Heavy-fermion superconductor

CeCoIn_{5} ("Cerium-Cobalt-Indium 5") is a heavy-fermion superconductor with a layered crystal structure, with somewhat two-dimensional electronic transport properties. The critical temperature of 2.3 K is the highest among all of the Ce-based heavy-fermion superconductors.

== Material system ==
CeCoIn_{5} is a member of a rich family of heavy-fermion compounds. CeIn_{3} is heavy-fermion metal with cubic crystal structure that orders antiferromagnetically below 10K. With applying external pressure, antiferromagnetism in CeIn_{3} is continuously suppressed, and a superconducting dome emerges in the phase diagram near the antiferromagnetic quantum critical point. CeCoIn_{5} has a tetragonal crystal structure, and the unit cell of CeCoIn_{5} can be considered as 'CeIn_{3} with an additional CoIn_{2} layer per unit cell'.
Closely related to CeCoIn_{5} is the heavy-fermion material CeRhIn_{5}, which has the same crystal structure and which orders antiferromagnetically below 4K, but does not become superconducting at ambient pressure. At high pressure CeRhIn_{5} becomes superconducting with a maximum T_{c} slightly above 2 K at a pressure around 2 GPa, and at the same pressure the Fermi surface of CeRhIn_{5} changes suggesting so-called local quantum criticality.
Also the compound PuCoGa_{5}, which is a superconductor with T_{c} approximately 18.5 K and which can be considered an intermediate between heavy-fermion and cuprate superconductors, has the same crystal structure.
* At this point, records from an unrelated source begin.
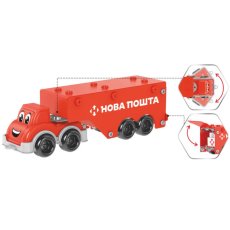 Конструктор металлический Фура Новая почта, ТехноК (1416), 135 дет.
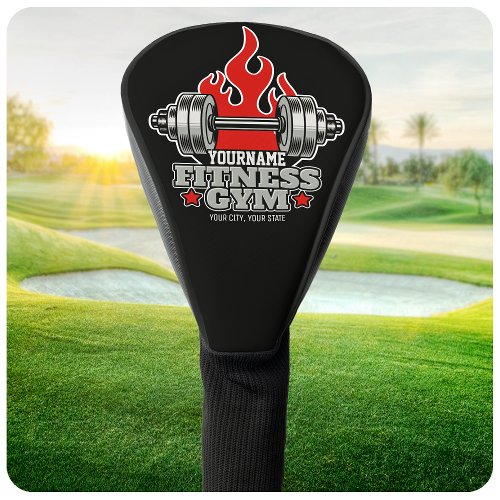 Personalized Weight Lifting Dumbbell Fitness Gym Golf Head Cover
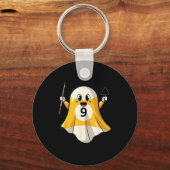 Funny Billiard Ghost Pumpkin Boo Halloween Kids Me Schlüsselanhänger (Vorderseite)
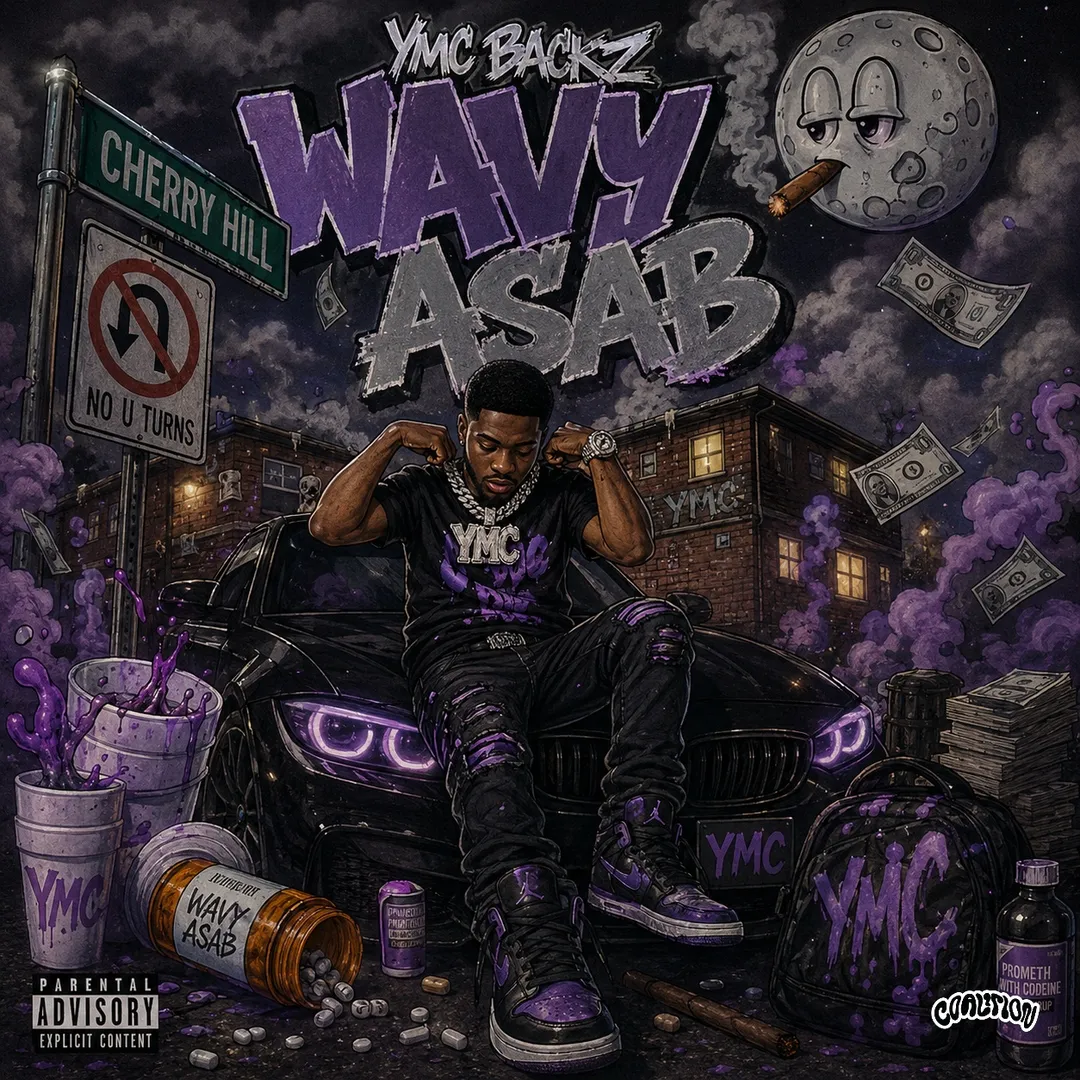 YMC Backz Wavy Asab artwork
Growth of single-crystalline CeCoIn_{5} has been very successful soon after the discovery of the material, and large single crystals of CeCoIn_{5}, such as required for inelastic neutron scattering, have been prepared. (In contrast to some other heavy-fermion compounds where single-crystal growth is more challenging.)

== Superconducting properties ==
The upper critical magnetic field H_{c2} of the superconducting state of CeCoIn_{5} is anisotropic, in accordance with the crystal structure and other physical properties. For magnetic fields applied along the [100] direction, H_{c2} amounts to approximately 11.6 T, and H_{c2} for fields along the [001] directions to 4.95 T.

The superconducting order parameter has d-wave symmetry, as established by several experiments, such as scanning tunneling microscopy (STM) and spectroscopy (STS).

Detailed studies close to the critical field have been performed on CeCoIn_{5}, and indications were found that certain regimes in the phase diagram of this material should be interpreted in terms of the Fulde–Ferrell–Larkin–Ovchinnikov (FFLO) phase.
Subsequently, the neutron-diffraction experiments showed that this regime features a more complex phase that also exhibits incommensurate antiferromagnetic order, a so-called 'Q phase'.

Evidence for a delocalization quantum phase transition without symmetry breaking is presented.